Salon.Com (10/19) reviewed a new bio The Man Who Invented Rock Hudson: The Pretty Boys and Dirty Deals of Henry Willson by Robert Hofler. The reviewer, even as a child at the movies, thought Hudson was stilted. Upon reading the book he thought no wonder since ‘… His desire for his leading ladies was patently artificial … but so were his teeth, his walk, his voice, even his smile. Rock Hudson was a male Eliza Doolittle’ created by his agent Henry Willson who re-named his creations with a ‘preposterously butch moniker’: Guy Madison, Troy Donahue, John Saxon, Clint Conners. ‘Acting ability wasn’t required, conventional good looks were a must and willingness to have sex with the ferret-faced Willson was … very, very strongly encouraged.’ Willson forced most of his clients to be discreet in sexual matters but his biggest (and very gay) star, Hudson, refused and openly cruised for men everywhere. Fellow client Van Williams said ‘Rock’s sex drive was enormous.’ Another client swears Willson used the mob to wipe out two of Hudson’s blackmailers. Willson’s career ironically collapsed when he forced Hudson to marry Willson’s secretary, Phyliss Gates as a ‘beard’ (cover). Debbie Reynolds told Buzz Mag all of Hollywood laughed, started openly talking about Hudson’s homosexuality and then started asking about the sexuality of all of his clients. Willson died penniless at the Motion Picture Country Home.

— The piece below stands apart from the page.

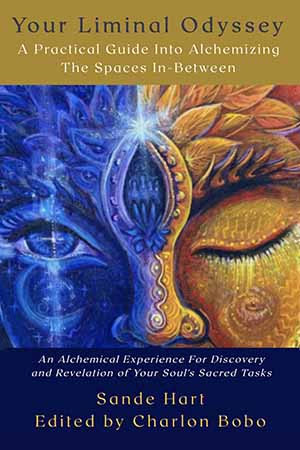 your-liminal-odyssey-book-img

In a long article in The New Republic (10/24) Andrew Sullivan subtly and not at all offensively portrays the fading away of gay culture. Bringing in many threads—the death of many in th AIDS generation, the rise of gay marriage, the new ascendancy of lesbians in community roles, the rise of sub-sub cultures (e.g. ‘Bears’) among gays, the raising of children by lesbians and gays, the politization of many middle-aged gays and lesbians—he argues that ‘The distinction between gay and straight culture will become so blurred, so fractured, and so intermingled that it may become more helpful not to examine them separately at all.’ Some of the places in the U.S.A. where gay culture is most in an activist ‘1980’s’ mode are those places like Nashville where the state is still most oppressive —in the rest of the country, gay has become virtually normal.